Forces download from source URL, by default False

Returns#

(np.ndarray | Dataset, np.ndarray)

Transformed covariates and labels of the data set

opendataval.dataloader.register.cache(url: str, cache_dir: Path, file_name: str | None = None, force_download: bool = False) Path#

Download a file if it it is not present and returns the filepath.

Parameters#

urlstr

URL of the file to be downloaded

cache_dirstr

Directory to cache downloaded files

file_namestr, optional

File name within the cache directory of the downloaded file, by default None

force_downloadbool, optional

Forces a download regardless if file is present, by default False

Returns#

str

File path to the downloaded file

Raises#

HTTPError

HTTP error occurred during downloading the dataset.

opendataval.dataloader.register.one_hot_encode(data: ndarray) ndarray#

One hot encodes a numpy array.

Raises#

ValueError

When the input array is not of shape (N,), (N,1), (N,1,1)…

opendataval.dataloader.util module#

class opendataval.dataloader.util.CatDataset(*datasets: list[Dataset[Any]])#

Bases: Dataset[tuple[Dataset, …]]

Data set wrapping indexable Datasets.

Parameters#

datasetstuple[Dataset]

Tuple of data sets we would like to concat together, must be same length

Raises#

ValueError

If all input data sets are not the same length

class opendataval.dataloader.util.FolderDataset(folder_path: Path, sizes: list[int] | None = None)#

Bases: Dataset

Dataset for tensors within a folder.

BATCH_CACHE = 5#
static exists(path: Path)#
format_batch_path(batch_index: int) str#
get_batch(batch_index: int) Tensor#
classmethod load(path: Path)#

Loads existing gradient dataset metadata from path/.metadata.pkl

property metadata: dict[str, Any]#

Important metadata defining a GradientDataset, used for loading.

save()#

Saves metadata to disk, allows us to load GradientDataset as needed.
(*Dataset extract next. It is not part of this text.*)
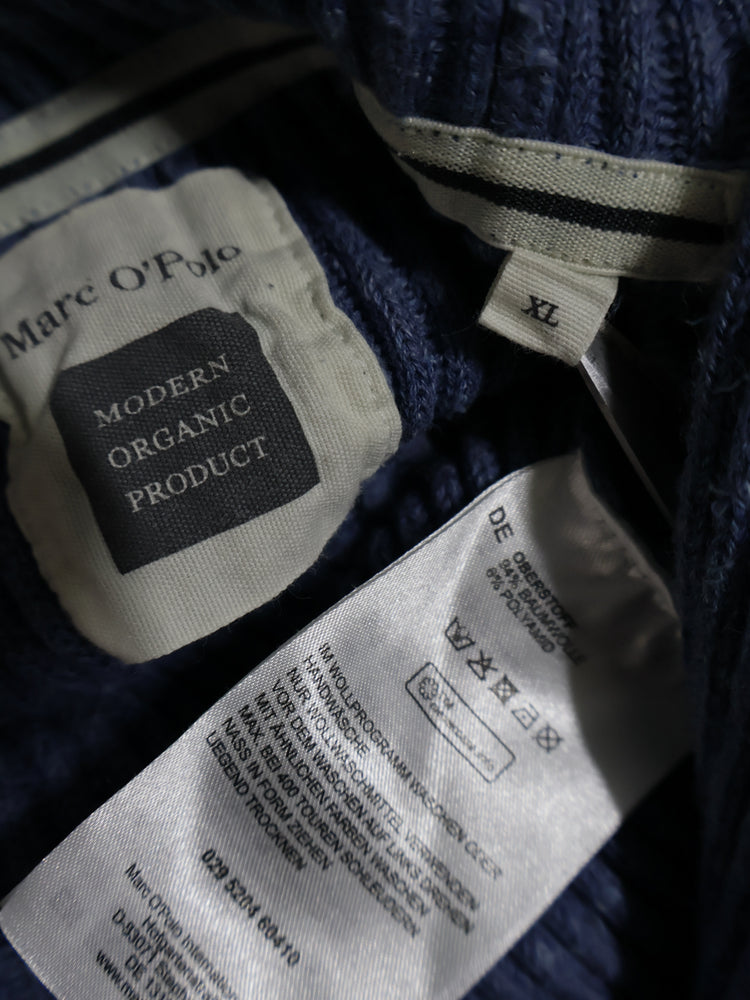 Bluza Marc O'Polo - marimea XL - Barbati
property shape: tuple[int, ...]#
write(batch_number: int, data: Tensor)#
class opendataval.dataloader.util.IndexTransformDataset(dataset: Dataset[T_co], index_transformation: Callable[[T_co, int], T_co] | None = None)#

Bases: Dataset[T_co]

Data set wrapper that allows a per-index transform to be applied.
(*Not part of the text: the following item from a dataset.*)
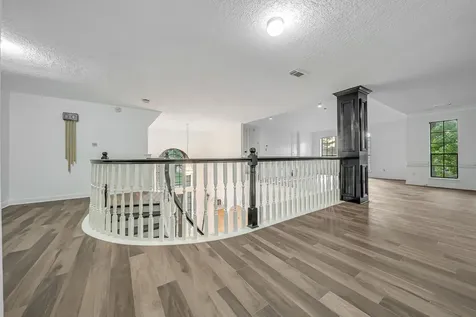 17210 Atherington Place Spring TX 77379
Primarily useful when adding noise to specific subset of indices. If a transform is defined, it will apply the transformation but also pass in the indices (what is passed into __getitem__) as well.

Parameters#

datasetDataset[T_co]

Data set with transform to be applied

index_transformationCallable[[T_co, Sequence[int]], T_co], optional

Function that takes input sequence of ints and data and applies the specific transform per index, by default None which is no transform.

property transform: Callable[[T_co, int], T_co]#

Gets the transform function, if None, no transformation applied.

class opendataval.dataloader.util.ListDataset(input_list: Sequence[T_co])#

Bases: Dataset[T_co]

Data set wrapping a list.

ListDataset is primarily useful to when you want to pass back a list but also want to get around the type checks of Datasets. This is intended to be used with NLP data sets as the the axis 1 dimension is variable and BERT tokenizers take inputs as only lists.

Parameters#

input_listSequence[T_co]

Input sequence to be used as data set.

opendataval.dataloader.util.load_tensor(tensor_path: Path) Tensor#

Module contents#

Create data sets and loads with DataFetcher.

Data Loader#

Provides an API to add new data sets and load them with the data loader. To create a new data set, create a Register object to register the data set with a name. Then load the data set with DataFetcher. This allows us the flexibility to call the dataset later and to define separate functions/classes for the covariates and labels of a data set

Creating/Loading data sets#

Register(dataset_name[, one_hot, cacheable, ...])

Register a data set by defining its name and adding functions to retrieve data.

DataFetcher(dataset_name[, cache_dir, ...])

Load data for an experiment from an input data set name.

datasets

Data sets registered with Register.

Utils#

cache(url, cache_dir[, file_name, ...])

Download a file if it it is not present and returns the filepath.

mix_labels(fetcher[, noise_rate])

Mixes y_train labels of a DataFetcher, adding noise to data.

one_hot_encode(data)

One hot encodes a numpy array.

CatDataset(*datasets)

Data set wrapping indexable Datasets.